Martin Luther King didn't have a dream, he was the dream. To stand up and advocate for a group of HUMAN BEINGS that we're undoubtedly segregated and marginalized. While it has been in action, it has yet to be put to rest. Steve jobs didn't know how much time he had on this earth, but he wasn't afraid of taking unorthodox risks that by in large changed the world and our communication systems; his thinking was "too different," for others to see, but he saw it and now everyday I am able to creatively express myself through my blog, listening to music, or able to take neat photos. I can see my mom in Beamsville or if my brothers in a good mood I'll FaceTime him in Australia! How wild is that.
That's called influence. Everything around us is made up by people no smarter than you and I. They pushed limits and while they were adults about it, I'm sure we can all agree, especially with my man Jobs, there were times where they needed to take a break to embrace their inner child and reboot. Find joy, inspiration.
I'm told all the time "Oh to be young again," listen lady you had your shot too. I'm 25. And yes, over the past 3 years I've become increasingly more aware but that's all because of my willingness to pursue self growth and listening to my "hunches."
When I look at where I was this time last year it looks nothing like I expected.
2015 to 2016 : just introduced to Woodstock and the Best college program ever, living in the Bauer lofts in Waterloo like I had "always wanted," I was in a relationship which at the time I was completely happy with (until my mom one day mentioned Easter weekend plans and after 3 years I felt like I was married) splitting Christmas, spending time and energy in a lot of environments with people that are great people but serve absolutely 0 purpose in my life and life purpose (sunlife Xmas party, that's not against the people at all, just the environment that's a personal opinion no big).
Afraid of what my life would look like if I went out on my own, was I going to become a child and youth counsellor already? I was jut getting the momentum of speaking aloud and telling my story...
I loved being in the class with the kids but I still didn't feel like it was enough...I felt good when I got home, content, always a day well spent. I felt good going to the school or placement knowing I was the Justin Bieber of CYCs. My favourite fan club.

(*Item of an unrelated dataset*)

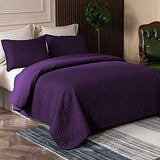 Whale Flotilla King Quilt Bedding Set, Soft Purple Bedspreads Quilts King Size for All Seasons, 3 Pieces Lightweight Geometric Star Pattern Coverlet Whale Flotilla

2016 to 2017: Broke my heart, moved out on my own to a foreign small town where I found peace in my self and the things around me. In other words, the unknowing of it all. It was fun discovering Woodstock and myself in the process. SICKNOTWEAK Stock happened and seeing Landsberg up there saying how important it is we share our stories, I couldn't stop thinking about this and the organization. I loved what it stood for.
I had to figure out a ton of big girl things, including how to properly take care of myself and nourish myself, while maintaining physical activity for my brain. But rather than running everyday I Dance or do some fun workouts-switch it up because I can. Still not drinking alcohol and boy does that help.

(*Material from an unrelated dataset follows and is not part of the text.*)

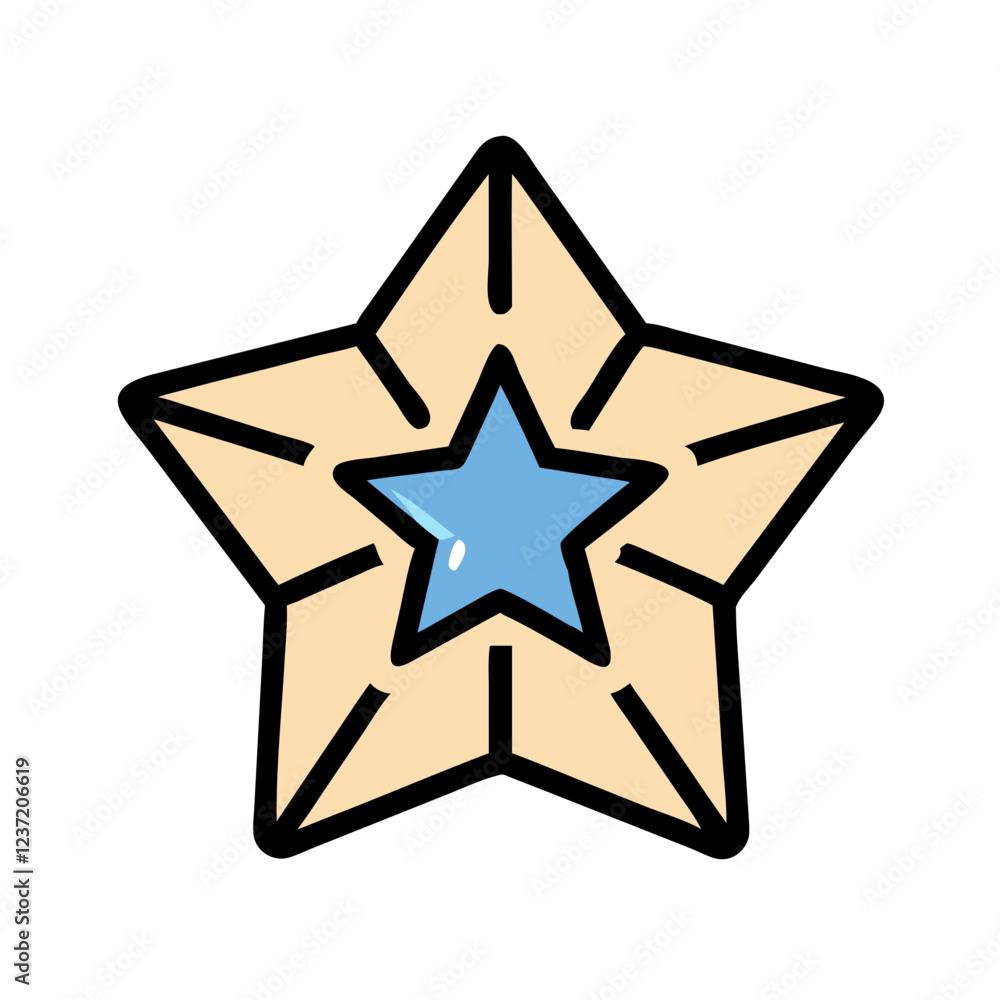 Star icon with blue and beige colors representing achievement and recognition in a dynamic design Star icon with blue and beige colors representing achievement and recognition in a dynamic design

One of the most challenging experiences was when I realized I had to be the one to make the final decision about my program and whether it was worth the risk. When I asked for the withdrawal papers I was informed that was the last day to hand them in, and thanks to my new found love and faith in coincidence, early childhood dream of being on a stage, astrology and numerology I withrdrew. I can go back but I know what these disorders are, after getting an 82 on a physical component I said "I've got this for now, maybe it's time to try something like my hobbies,"
Exactly as one of my horoscopes read, I'm pursuing what I want without having to "conform" to society's expectations, my spirit feels free, excited and loving each day contrary to anxious and consistently uncertain. I am working towards a goal that has always been apart of me and who I am. I have the most amazing people in my circle right now and not one of them makes me feel bad for being who I am, pursuing what I need, encouraging me when I don't even know I need it, or taking the risk that I did- leaving everything I know for what I believe in. And ya people who love you support you, but I'm not switching from BMO to TD, I'm going from history to cyc to an event coordinator, operator, helper, make it poossibler (haha) BUT YOU BEST BELIEVE THIS IS GOING TO BE ONE HELL OF A RIDE BECAUSE IM A DREAMER AND A DOER! And a Dorothy.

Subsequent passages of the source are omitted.